MyClass is defined as follows:
public class MyClass implements java.io.Serializable, Cloneable{
private String a;
private String b;
private int c;
private Map<String, Double> d;
private int e;
public MyClass(){
this(null, null, 0, new HashMap<String, Double>());
}
public MyClass(String labelID, String sampleID, Integer pos_neg_ind, HashMap<String, Double> feat_val_pair){
......
}
public MyClass(String input){
.....
}
.....
}
From running the set difference, I got the following error. Was that because of MyClass including a Map member d? If so, is there another way to generate the set diff by having these inputs?
Thanks!
Lucy
java.lang.Exception: org.apache.hadoop.mapreduce.task.reduce.Shuffle$ShuffleError: Error while doing final merge
at org.apache.hadoop.mapred.LocalJobRunner$Job.runTasks(LocalJobRunner.java:462)
at org.apache.hadoop.mapred.LocalJobRunner$Job.run(LocalJobRunner.java:529)
Caused by: org.apache.hadoop.mapreduce.task.reduce.Shuffle$ShuffleError: Error while doing final merge
at org.apache.hadoop.mapreduce.task.reduce.Shuffle.run(Shuffle.java:160)
at org.apache.hadoop.mapred.ReduceTask.run(ReduceTask.java:376)
at org.apache.hadoop.mapred.LocalJobRunner$Job$ReduceTaskRunnable.run(LocalJobRunner.java:319)
at java.util.concurrent.Executors$RunnableAdapter.call(Executors.java:471)
at java.util.concurrent.FutureTask.run(FutureTask.java:262)
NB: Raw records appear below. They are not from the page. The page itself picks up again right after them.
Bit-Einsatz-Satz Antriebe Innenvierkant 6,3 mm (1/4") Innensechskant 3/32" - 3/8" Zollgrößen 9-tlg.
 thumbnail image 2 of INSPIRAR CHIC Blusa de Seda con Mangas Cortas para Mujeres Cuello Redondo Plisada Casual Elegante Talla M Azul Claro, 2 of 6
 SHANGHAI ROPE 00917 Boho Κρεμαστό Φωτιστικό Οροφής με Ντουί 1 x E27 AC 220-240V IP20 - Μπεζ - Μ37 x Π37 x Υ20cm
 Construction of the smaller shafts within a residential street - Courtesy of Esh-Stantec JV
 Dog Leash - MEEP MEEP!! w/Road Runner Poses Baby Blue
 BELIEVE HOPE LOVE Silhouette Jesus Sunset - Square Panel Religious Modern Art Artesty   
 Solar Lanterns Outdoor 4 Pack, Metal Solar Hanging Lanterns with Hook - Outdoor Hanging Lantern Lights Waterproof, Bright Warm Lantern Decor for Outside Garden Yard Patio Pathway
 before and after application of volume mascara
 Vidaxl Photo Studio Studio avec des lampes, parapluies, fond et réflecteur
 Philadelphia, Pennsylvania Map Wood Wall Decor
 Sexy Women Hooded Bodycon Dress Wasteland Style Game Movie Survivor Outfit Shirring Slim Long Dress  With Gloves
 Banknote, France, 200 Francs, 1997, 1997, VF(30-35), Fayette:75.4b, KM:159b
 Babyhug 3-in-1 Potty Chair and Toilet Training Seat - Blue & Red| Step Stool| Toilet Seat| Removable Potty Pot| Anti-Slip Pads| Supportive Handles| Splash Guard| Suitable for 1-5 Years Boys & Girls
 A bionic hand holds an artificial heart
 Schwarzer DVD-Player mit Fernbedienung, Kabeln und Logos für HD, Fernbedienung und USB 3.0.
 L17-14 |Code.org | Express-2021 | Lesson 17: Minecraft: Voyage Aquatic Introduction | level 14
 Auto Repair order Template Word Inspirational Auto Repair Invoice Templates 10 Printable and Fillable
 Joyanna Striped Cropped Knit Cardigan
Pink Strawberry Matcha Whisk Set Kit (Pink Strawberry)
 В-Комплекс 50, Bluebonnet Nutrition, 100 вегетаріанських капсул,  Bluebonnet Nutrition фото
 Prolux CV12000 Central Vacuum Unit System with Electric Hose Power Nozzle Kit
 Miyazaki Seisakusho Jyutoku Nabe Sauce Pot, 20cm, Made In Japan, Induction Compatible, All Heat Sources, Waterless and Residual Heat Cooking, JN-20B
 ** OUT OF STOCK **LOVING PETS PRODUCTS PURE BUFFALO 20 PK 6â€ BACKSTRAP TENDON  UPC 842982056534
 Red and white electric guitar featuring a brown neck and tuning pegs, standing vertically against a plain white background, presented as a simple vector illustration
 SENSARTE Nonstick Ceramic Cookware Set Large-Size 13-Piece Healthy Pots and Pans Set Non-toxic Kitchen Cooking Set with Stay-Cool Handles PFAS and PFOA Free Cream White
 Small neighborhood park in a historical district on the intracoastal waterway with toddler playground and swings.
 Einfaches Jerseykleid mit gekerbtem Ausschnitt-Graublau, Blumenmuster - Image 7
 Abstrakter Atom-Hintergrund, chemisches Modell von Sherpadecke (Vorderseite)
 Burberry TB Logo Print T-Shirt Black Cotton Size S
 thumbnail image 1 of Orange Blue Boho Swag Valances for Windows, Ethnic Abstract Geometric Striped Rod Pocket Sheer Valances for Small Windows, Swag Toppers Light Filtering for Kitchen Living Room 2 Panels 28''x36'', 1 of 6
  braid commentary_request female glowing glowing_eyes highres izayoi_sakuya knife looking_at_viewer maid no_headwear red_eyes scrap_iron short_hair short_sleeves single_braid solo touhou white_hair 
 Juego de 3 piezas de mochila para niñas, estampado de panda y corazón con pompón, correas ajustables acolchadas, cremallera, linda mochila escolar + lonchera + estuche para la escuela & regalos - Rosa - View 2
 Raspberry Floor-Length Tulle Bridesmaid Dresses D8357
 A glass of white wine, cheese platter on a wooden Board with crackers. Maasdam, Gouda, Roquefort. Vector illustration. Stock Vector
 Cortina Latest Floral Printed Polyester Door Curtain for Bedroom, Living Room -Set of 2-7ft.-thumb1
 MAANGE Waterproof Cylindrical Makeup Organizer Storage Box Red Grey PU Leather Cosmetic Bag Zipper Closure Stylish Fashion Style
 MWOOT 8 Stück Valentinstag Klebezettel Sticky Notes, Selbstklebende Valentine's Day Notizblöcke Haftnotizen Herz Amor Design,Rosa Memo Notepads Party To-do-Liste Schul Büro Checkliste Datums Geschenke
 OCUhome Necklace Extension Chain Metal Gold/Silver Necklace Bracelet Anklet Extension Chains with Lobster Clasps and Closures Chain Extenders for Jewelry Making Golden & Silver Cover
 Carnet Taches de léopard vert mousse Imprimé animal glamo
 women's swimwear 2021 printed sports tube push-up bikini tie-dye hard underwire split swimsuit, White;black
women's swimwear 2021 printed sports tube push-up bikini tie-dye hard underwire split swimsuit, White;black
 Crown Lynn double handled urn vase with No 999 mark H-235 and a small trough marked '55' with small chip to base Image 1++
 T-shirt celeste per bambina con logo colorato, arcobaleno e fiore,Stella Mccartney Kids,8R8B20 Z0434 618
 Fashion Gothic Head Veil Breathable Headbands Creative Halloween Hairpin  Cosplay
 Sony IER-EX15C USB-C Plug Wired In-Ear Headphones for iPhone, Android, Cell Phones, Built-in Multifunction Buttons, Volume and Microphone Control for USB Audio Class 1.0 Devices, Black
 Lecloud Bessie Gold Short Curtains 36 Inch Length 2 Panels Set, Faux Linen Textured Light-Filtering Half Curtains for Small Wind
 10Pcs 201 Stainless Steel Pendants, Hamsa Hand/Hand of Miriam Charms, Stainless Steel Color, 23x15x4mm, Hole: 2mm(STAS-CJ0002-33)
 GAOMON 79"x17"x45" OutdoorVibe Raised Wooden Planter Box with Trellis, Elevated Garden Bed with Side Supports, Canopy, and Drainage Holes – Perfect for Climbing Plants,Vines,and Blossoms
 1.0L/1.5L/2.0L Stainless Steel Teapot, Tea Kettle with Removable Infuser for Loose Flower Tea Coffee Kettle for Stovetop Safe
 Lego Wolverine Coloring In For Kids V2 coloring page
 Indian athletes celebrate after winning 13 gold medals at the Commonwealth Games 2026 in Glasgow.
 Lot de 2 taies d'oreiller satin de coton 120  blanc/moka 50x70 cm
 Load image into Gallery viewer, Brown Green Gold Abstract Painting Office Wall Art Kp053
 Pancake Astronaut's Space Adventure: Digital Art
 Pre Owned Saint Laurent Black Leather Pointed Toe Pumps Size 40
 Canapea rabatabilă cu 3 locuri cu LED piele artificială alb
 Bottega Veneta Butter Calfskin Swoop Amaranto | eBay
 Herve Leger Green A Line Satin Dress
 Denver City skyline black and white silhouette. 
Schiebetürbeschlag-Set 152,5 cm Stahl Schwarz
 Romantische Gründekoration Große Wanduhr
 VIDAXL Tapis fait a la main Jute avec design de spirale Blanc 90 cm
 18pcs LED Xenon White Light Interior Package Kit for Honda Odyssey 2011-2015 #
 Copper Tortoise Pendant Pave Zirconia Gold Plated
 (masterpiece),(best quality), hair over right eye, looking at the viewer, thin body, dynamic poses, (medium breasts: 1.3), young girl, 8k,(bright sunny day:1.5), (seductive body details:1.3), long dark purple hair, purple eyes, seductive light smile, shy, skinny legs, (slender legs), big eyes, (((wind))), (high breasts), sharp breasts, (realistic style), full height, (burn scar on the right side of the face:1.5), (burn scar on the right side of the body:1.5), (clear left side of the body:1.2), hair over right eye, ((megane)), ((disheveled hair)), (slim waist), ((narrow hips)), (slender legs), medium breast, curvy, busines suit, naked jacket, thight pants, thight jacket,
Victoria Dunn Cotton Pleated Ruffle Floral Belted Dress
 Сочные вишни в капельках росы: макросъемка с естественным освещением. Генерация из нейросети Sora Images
at java.util.concurrent.ThreadPoolExecutor.runWorker(ThreadPoolExecutor.java:1145)
at java.util.concurrent.ThreadPoolExecutor$Worker.run(ThreadPoolExecutor.java:615)
at java.lang.Thread.run(Thread.java:744)
Caused by: org.apache.avro.AvroRuntimeException: Can't compare maps!
at org.apache.avro.io.BinaryData.compare(BinaryData.java:134)
at org.apache.avro.io.BinaryData.compare(BinaryData.java:139)
at org.apache.avro.io.BinaryData.compare(BinaryData.java:92)
at org.apache.avro.io.BinaryData.compare(BinaryData.java:72)
at org.apache.avro.mapred.AvroKeyComparator.compare(AvroKeyComparator.java:43)
at org.apache.hadoop.mapred.Merger$MergeQueue.lessThan(Merger.java:578)
at org.apache.hadoop.util.PriorityQueue.downHeap(PriorityQueue.java:144)
at org.apache.hadoop.util.PriorityQueue.adjustTop(PriorityQueue.java:108)
at org.apache.hadoop.mapred.Merger$MergeQueue.adjustPriorityQueue(Merger.java:524)
at org.apache.hadoop.mapred.Merger$MergeQueue.next(Merger.java:539)
at org.apache.hadoop.mapred.Merger.writeFile(Merger.java:209)
at org.apache.hadoop.mapreduce.task.reduce.MergeManagerImpl.finalMerge(MergeManagerImpl.java:731)
at org.apache.hadoop.mapreduce.task.reduce.MergeManagerImpl.close(MergeManagerImpl.java:370)
at org.apache.hadoop.mapreduce.task.reduce.Shuffle.run(Shuffle.java:158)
... 7 more